Fc–CO–(l)Phe–OMe was dissolved in MeOH and 1 N NaOH (20 mL) was added. The reaction mixture was stirred and the progress of saponification was monitored by thin layer chromatography. After 10 h methanol was removed under vacuum, the residue was taken in 50 mL of water, washed with diethyl ether (2 × 50 mL). Then the pH of the aqueous layer was adjusted to 2 using 1 M HCl and it was extracted with ethyl acetate (3 × 50 mL). The extracts were dried over anhydrous Na2SO4, and evaporated in vacuum to yield as a yellow solid Fc–CO–(l)Phe–OH.

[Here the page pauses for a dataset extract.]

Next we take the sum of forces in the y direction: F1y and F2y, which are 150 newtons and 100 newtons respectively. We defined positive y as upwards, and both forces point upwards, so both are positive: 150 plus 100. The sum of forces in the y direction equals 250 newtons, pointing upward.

In a 250 mL round bottom flask, 3.0 mmol of Fc–CO–(l)Phe–OH was dissolved in 50 mL of DCM by continuous stirring. Once the entire solid dissolved the mixture was cooled to 0 °C in an ice bath. To the cooled mixture, 6 mmol of EDAC·HCl was added following the addition of 6 mmol of 6Cl–HOBt. In the same flask an excess of TEA was added to neutralize the HCl. In another 250 mL round bottom flask, 6 mmol of H2N–(l)His(Trt)–OMe·HCl was dissolved in 25 mL DCM, excess of TEA was added and stirred for 30 min. Excess solvent was evaporated under reduced pressure until a slurry was obtained. This slurry was added to Fc–CO–(l)Phe–OH solution and stirred for 24 h. The resulting solution washed with saturated 10% citric acid (30 mL, 3 times), saturated sodium bicarbonate (30 mL, 3 times) and brine solution (30 mL, 3 times) respectively. The resulting organic layer was dried using anhydrous Na2SO4 and evaporated under reduced pressure. Column chromatography was done to purify this mixture to obtain a pure compound, Fc–CO–(l)Phe–(l)His(Trt)–OMe.

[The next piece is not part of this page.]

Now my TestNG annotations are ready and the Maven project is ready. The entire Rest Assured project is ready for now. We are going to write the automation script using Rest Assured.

2.2 mmol of Fc–CO–(l)Phe–(l)His(Trt)–OMe was dissolved in DCM and 2.25 mmol of triethylsilane was added. The reaction mixture was stirred under N2 atmosphere. After 15 min, 2 mL of TFA was added to the reaction mixture. After 1 h, the TFA was removed under vacuum. The reaction product was diluted with 3–4 mL water and washed with diethyl ether. DCM was added to the reaction mixture and the clear water part then neutralized by NH4OH solution. The orange product was pulled in DCM layer and dried over anhydrous Na2SO4. Column chromatography was done to purify this mixture to obtain a pure compound, Fc–CO–(l)Phe–(l)His–OMe (G1). 1H NMR (500 MHz, CDCl3): δ 7.38–7.07 (m, 10H, Aromatic Phe), 6.66–6.65 (d, 1H, NH Phe, J = 8.0), 6.43–6.42 (d, 1H, NH Leu, J = 8.0), 5.95–5.93 (d, 1H, NH Phe, J = 6.0), 4.74–4.31 (m, 7H, 3αH and 4H Cp ring which is directly attached to peptide segment), 3.95 (s, 5H, another Cp ring which is not directly attached to peptide segment), 3.71 (s, 3H, OCH3), 3.23–2.96 (m, 4H, βCH2 Phe), 1.61–1.45 (m, 3H, βCH2 and γCH Leu), 0.90–0.87 (t, 6H, 2CH3, Leu, J = 6.75); 13C NMR (126 MHz, CDCl3) δ 138.18, 135.12, 129.19, 129.14, 128.51, 128.47, 126.62, 75.54, 70.39, 70.35, 70.34, 69.52, 69.48, 68.60, 68.57, 67.86, 67.73, 54.54, 54.44, 52.70, 51.71, 36.96, 36.86, 28.61; MS–(ESI) m/z 529.1528 [M+H]+. Yield 1.4 mmol, 63%.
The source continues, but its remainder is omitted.